Navigating a restrictive digital policy environment, the campaign successfully delivered
937,522 impressions to residents across the region and drove 13,600 clicks to the program
website.
This report validates digital demand for disposal services and outlines the strategic pivots
required to navigate platform policy constraints and structural challenges.
2. Impact & Key Results
While digital metrics (clicks/views) measure the spread of the message, the ultimate measure
of success for this initiative is the reduction of lethal means in the community.
• Total Guns Destroyed: 278
• Total Ad Impressions: 937,522
• Total Interactions: 203,899 (Clicks, Views, Expansions)
• Cost Per Interaction: $0.03
(Note: This highly efficient rate demonstrates that for every 3 cents spent, a resident actively
engaged with the safety message.)
• Video Completion Rate: 48.86%
(Note: A nearly 50% completion rate indicates exceptionally high audience interest in the
message.)
• Total Ad Spend: $6,137.90
Audience Behavior: Mobile-First Discovery
Analysis of device data reveals a critical insight that bridges our video success and search
limitations.
• Data: 96.5% of all clicks (13,135) occurred on Mobile Devices, with only 1.2% on Desktop.

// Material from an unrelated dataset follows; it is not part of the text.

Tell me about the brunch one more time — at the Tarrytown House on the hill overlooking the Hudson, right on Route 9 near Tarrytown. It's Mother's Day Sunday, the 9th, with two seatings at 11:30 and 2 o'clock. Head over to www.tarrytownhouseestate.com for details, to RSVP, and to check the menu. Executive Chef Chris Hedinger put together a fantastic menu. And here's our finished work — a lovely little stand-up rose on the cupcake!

• Strategic Insight: This disparity suggests that demand for gun disposal is latent, not
active. Residents do not typically sit at desktop computers to search for disposal services
(hence the low volume in Phase 2), but they are highly responsive when the solution
is presented to them in their private mobile feeds (Phase 1). This confirms that future
success relies on a Push strategy (Video/Social) rather than a Pull strategy (Search).
3. Campaign Phasing & Strategy Evolution
The six-month campaign was characterized by two distinct strategic phases. This shift
was necessitated by the degradation of creative assets and the platform’s response to
frequency.
Phase 1: Awareness & Video Engagement (May – August)
• Strategy: High-volume YouTube video placement.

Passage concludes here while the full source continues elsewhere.